What to do » Pictures appear among the records below and must be omitted. Repeat exactly the lines from the line with "6.29in 8.26in 10.43in" to the line with "Modern Day Christmas", both included.

__________________________________________________

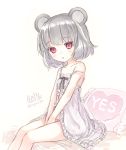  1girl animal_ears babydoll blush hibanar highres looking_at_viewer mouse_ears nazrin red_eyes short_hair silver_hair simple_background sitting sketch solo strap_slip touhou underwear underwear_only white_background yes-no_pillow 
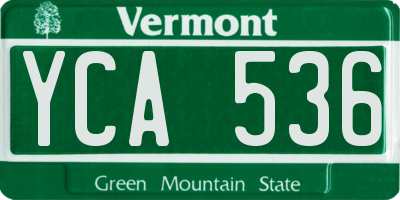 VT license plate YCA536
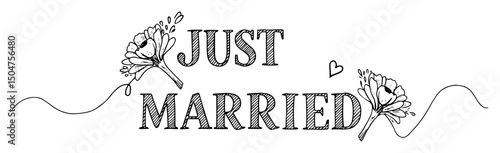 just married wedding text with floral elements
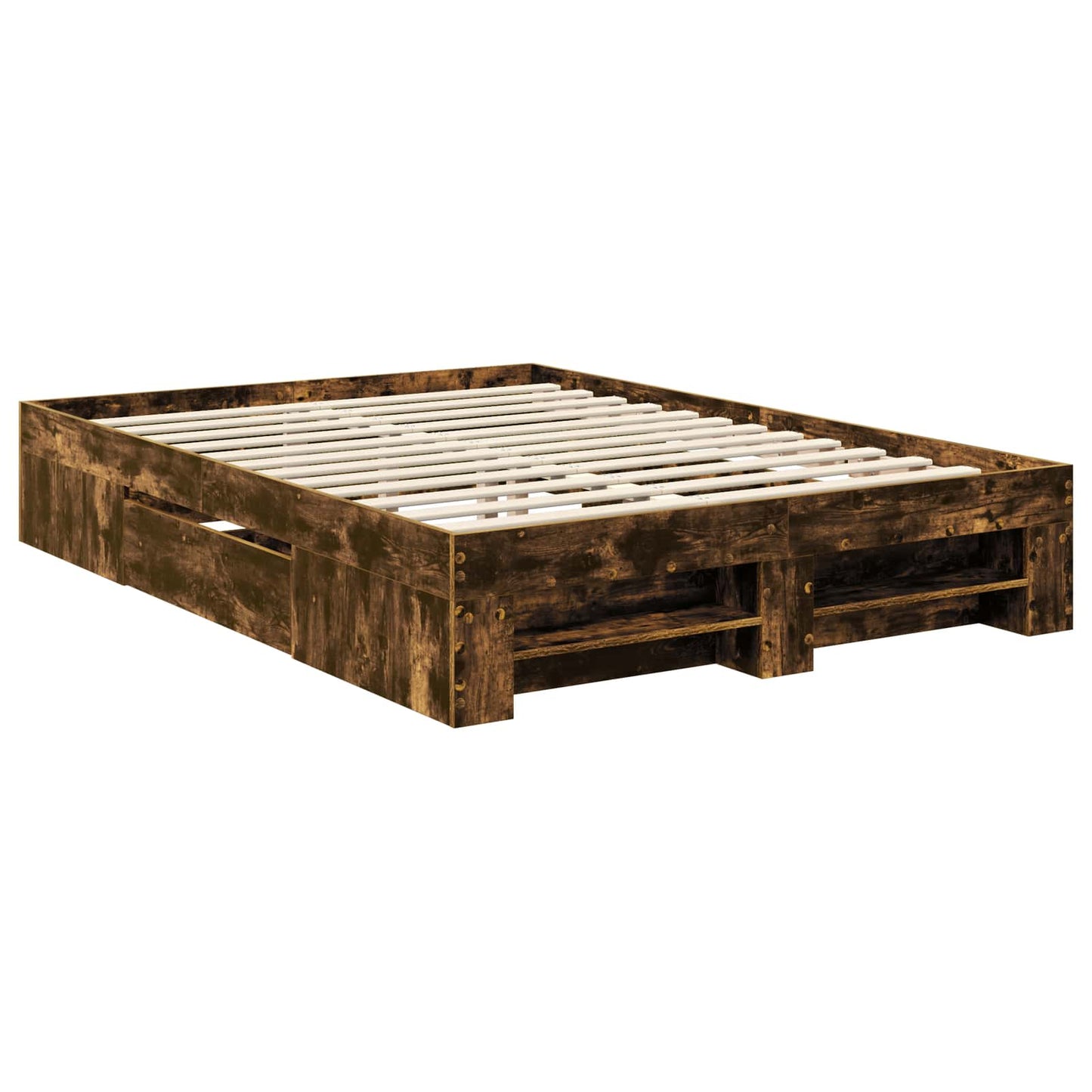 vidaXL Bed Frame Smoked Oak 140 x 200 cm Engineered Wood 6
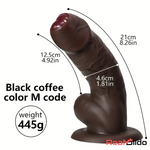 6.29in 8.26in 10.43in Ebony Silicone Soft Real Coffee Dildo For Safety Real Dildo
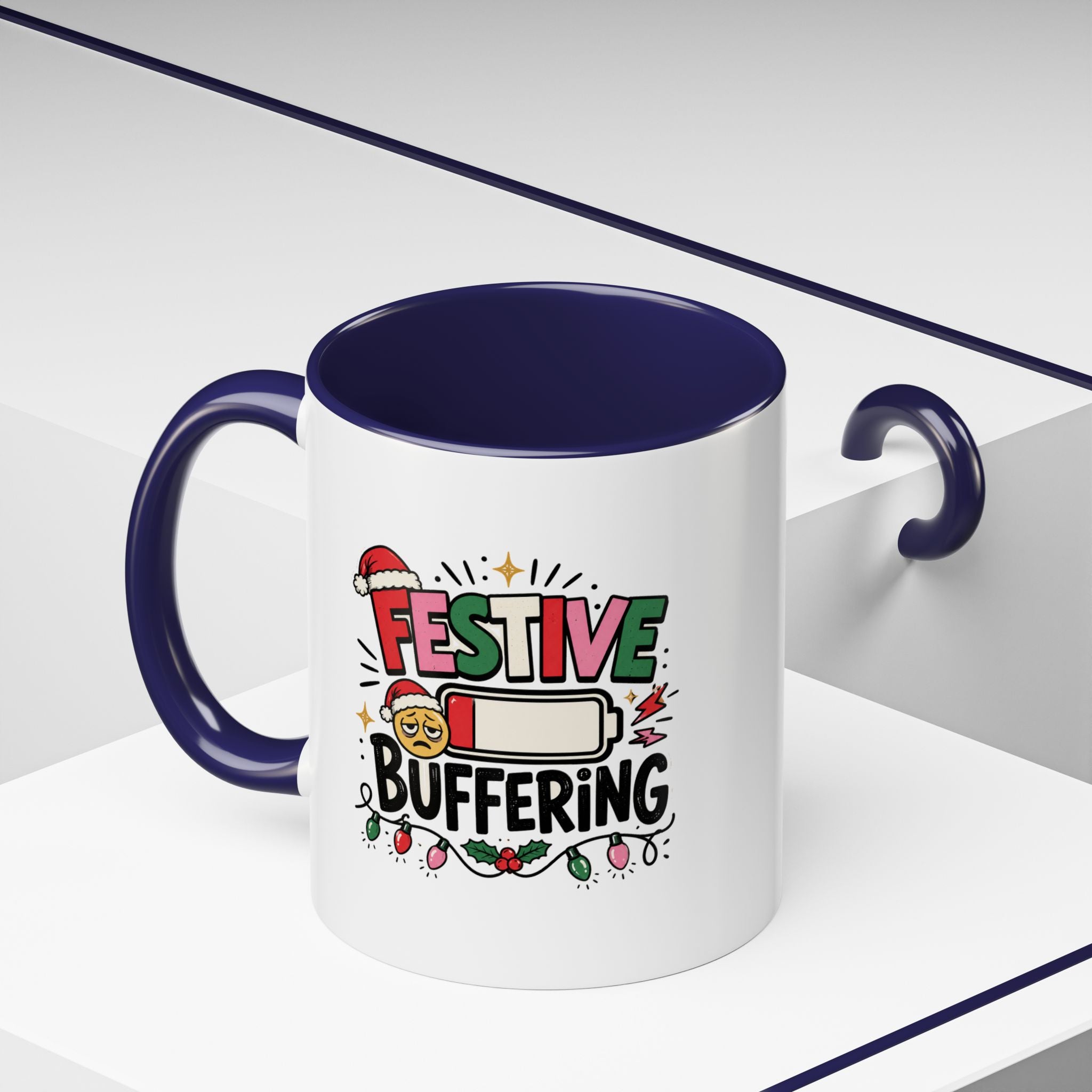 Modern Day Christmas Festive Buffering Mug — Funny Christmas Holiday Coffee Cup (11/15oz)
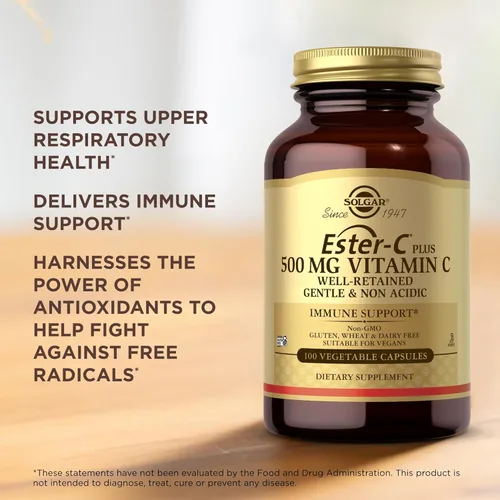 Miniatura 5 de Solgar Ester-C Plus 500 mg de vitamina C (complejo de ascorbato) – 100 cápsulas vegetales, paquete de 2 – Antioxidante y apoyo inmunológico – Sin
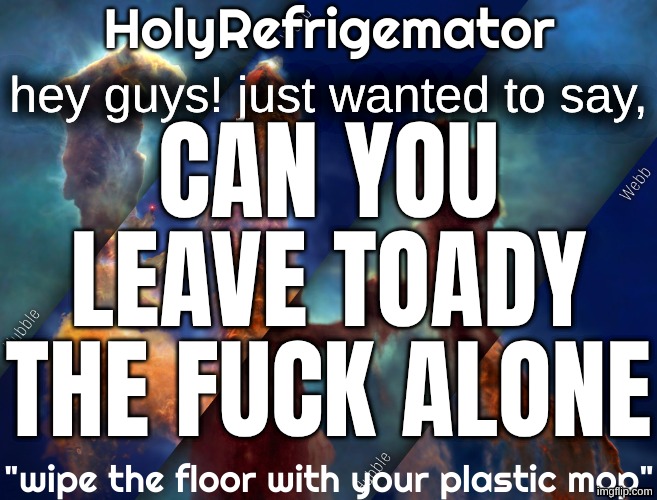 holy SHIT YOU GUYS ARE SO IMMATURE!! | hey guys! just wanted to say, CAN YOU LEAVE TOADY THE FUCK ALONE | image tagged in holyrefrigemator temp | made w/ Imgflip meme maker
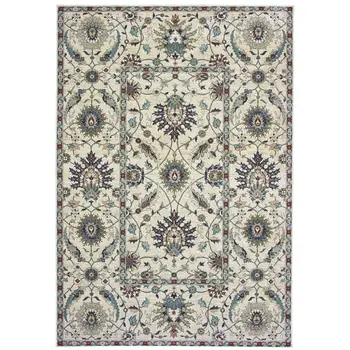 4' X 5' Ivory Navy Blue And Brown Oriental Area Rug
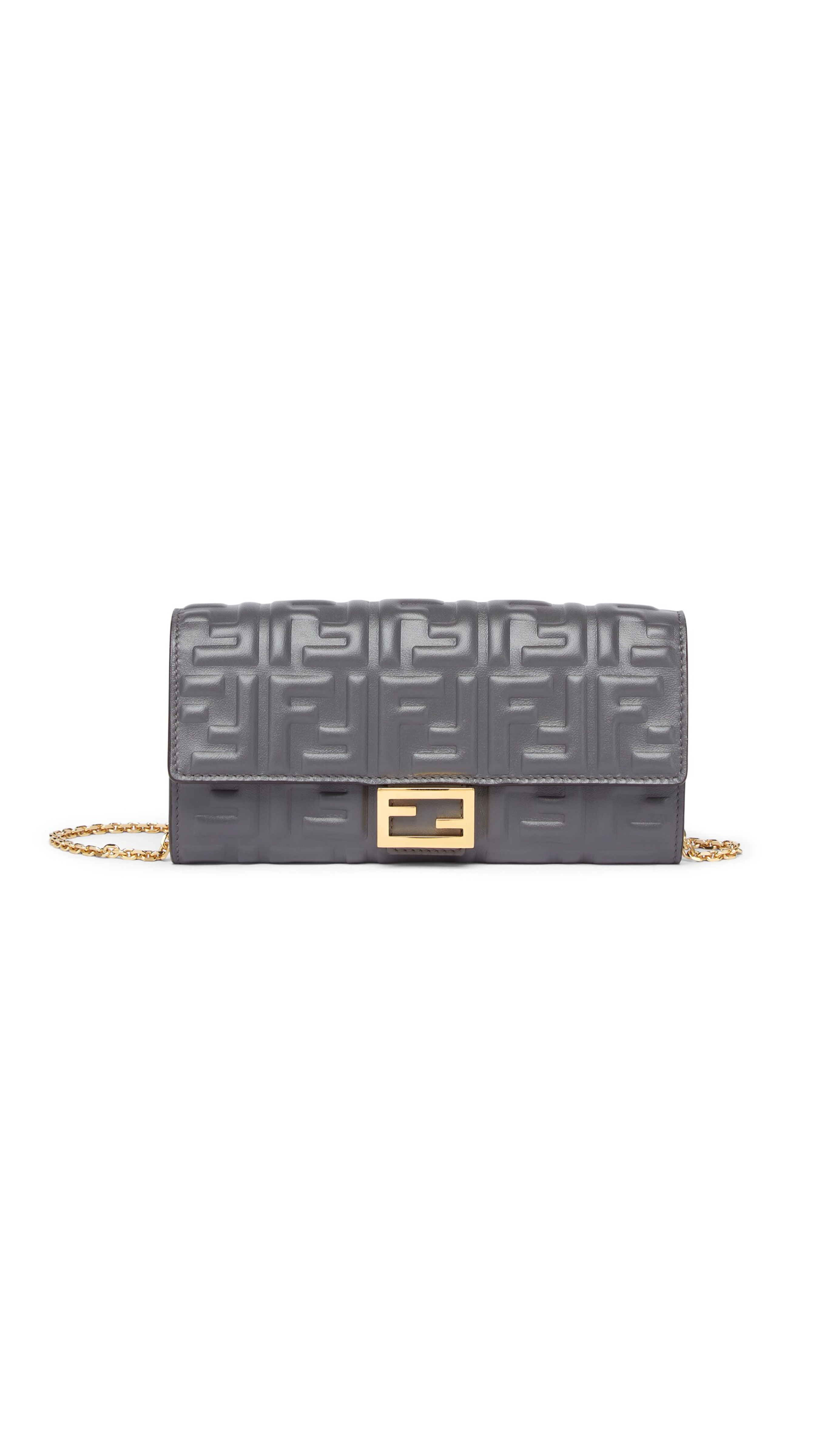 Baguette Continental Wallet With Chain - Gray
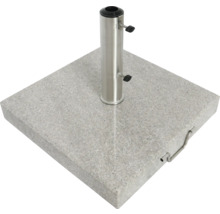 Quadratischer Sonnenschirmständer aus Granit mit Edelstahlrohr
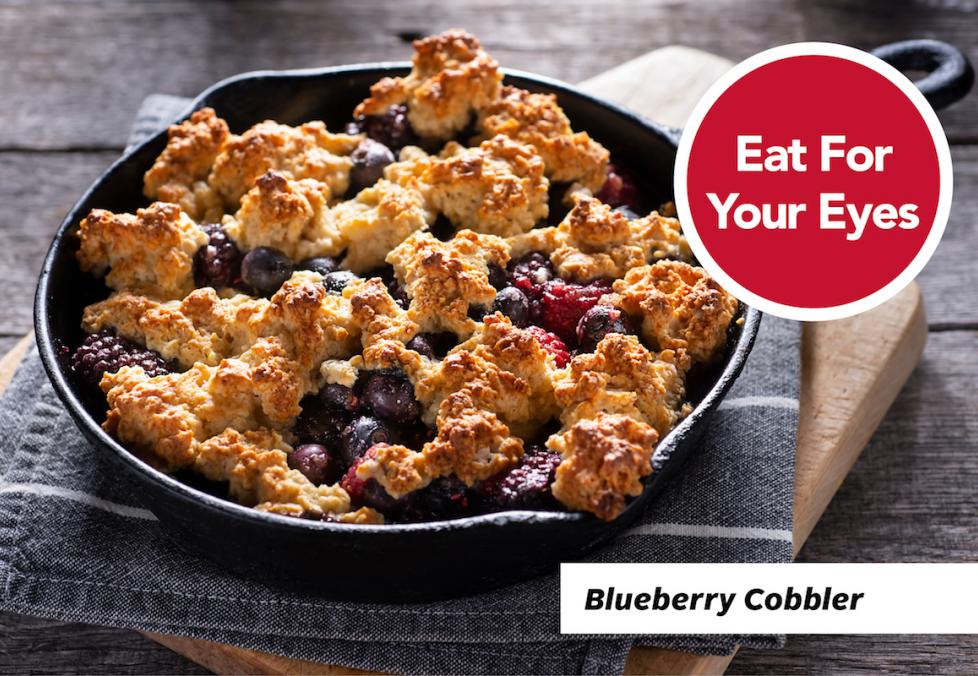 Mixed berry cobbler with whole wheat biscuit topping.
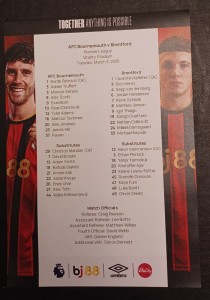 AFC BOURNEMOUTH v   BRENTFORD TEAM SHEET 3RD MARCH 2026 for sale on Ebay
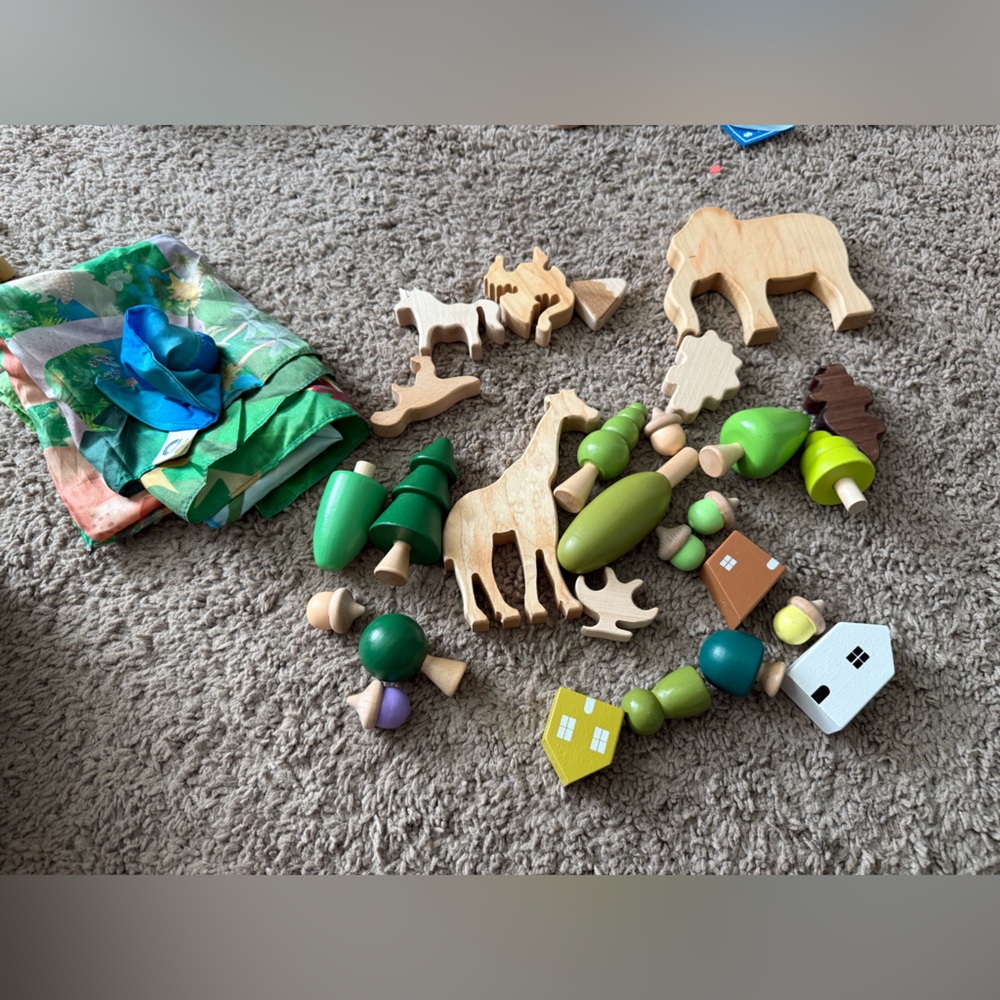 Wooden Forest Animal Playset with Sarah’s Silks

__________________________________________________

Response below »
 6.29in 8.26in 10.43in Ebony Silicone Soft Real Coffee Dildo For Safety Real Dildo
 Modern Day Christmas Festive Buffering Mug — Funny Christmas Holiday Coffee Cup (11/15oz)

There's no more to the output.